Bugün aynı yöntemin, muhalefet partilerinin iç işleyişine kadar uzatıldığı vurgulanan açıklamada daha sonra şunlar kaydedildi:
"Kayyum, iktidarın elinde demokratik iradeyi askıya alma mekanizmasına dönüşmüş; seçim sandığının, halkın oyunun, yurttaşın iradesinin hiçbir anlamı kalmasın istenmektedir.
-Anayasa kağıt üzerinde bırakılmak isteniyor-
Oysa demokrasinin özü, yurttaşın kendi iradesiyle yönetime katılabilmesidir. Kayyum siyaseti, bu özü yok ederek Anayasa’yı kâğıt üzerinde bırakmaktadır.
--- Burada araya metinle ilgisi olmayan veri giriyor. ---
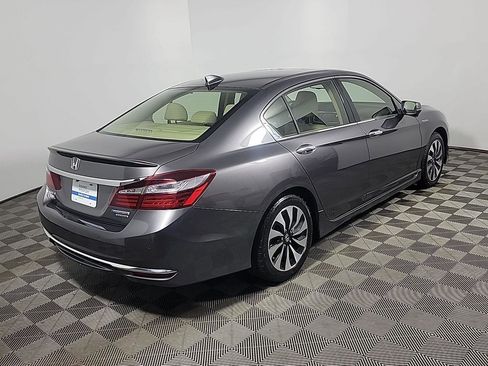 Used 2017 Honda Accord Touring image 4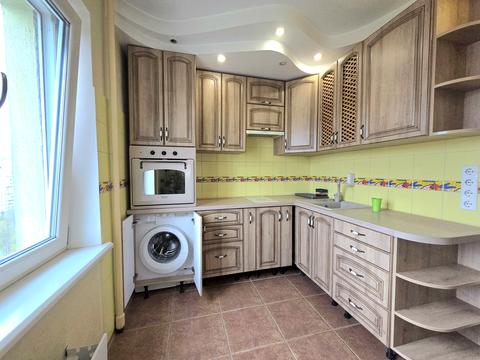 квартира за адресою Ревуцького вул., 11-В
Böyle devam ederse Türkiye’de seçimlerin meşruiyetinden söz etmenin imkânı kalmayacaktır.
- Kayyum siyaseti toplumsal barışı da dinamitliyor-
Kayyum siyaseti yalnızca bir hukuk garabeti değil, aynı zamanda toplumsal barışı dinamitleyen, halkın iradesine güvensizlik aşılayan bir zihniyettir. Yurttaşın iradesini yok sayan bu anlayış, siyaseti bir iktidar mühendisliği alanına indirgemektedir".
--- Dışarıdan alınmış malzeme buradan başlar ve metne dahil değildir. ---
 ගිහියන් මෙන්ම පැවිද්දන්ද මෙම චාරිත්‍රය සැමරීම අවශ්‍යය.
- Demokrasiyi savunmak hepimizin görevidir
Demokrasi ve özgürlükler karşıtı uygulamalara sessiz kalınamayacağı belirtilen açıklamada şu görüşler de dile getirildi:
"Dersim Dernekleri Federasyonu (DEDEF) olarak açıkça ifade ediyoruz: Bugün mesele yalnızca CHP’nin İstanbul İl Başkanlığı meselesi değildir; bu, tüm yurttaşların demokrasisine yönelmiş bir tehdittir. O halde yanıtımız da ortak olmalıdır. Halkın iradesine sahip çıkmak, kayyum siyasetine karşı omuz omuza durmak; Demokrasiyi ve özgür iradeyi savunmak hepimizin görevidir".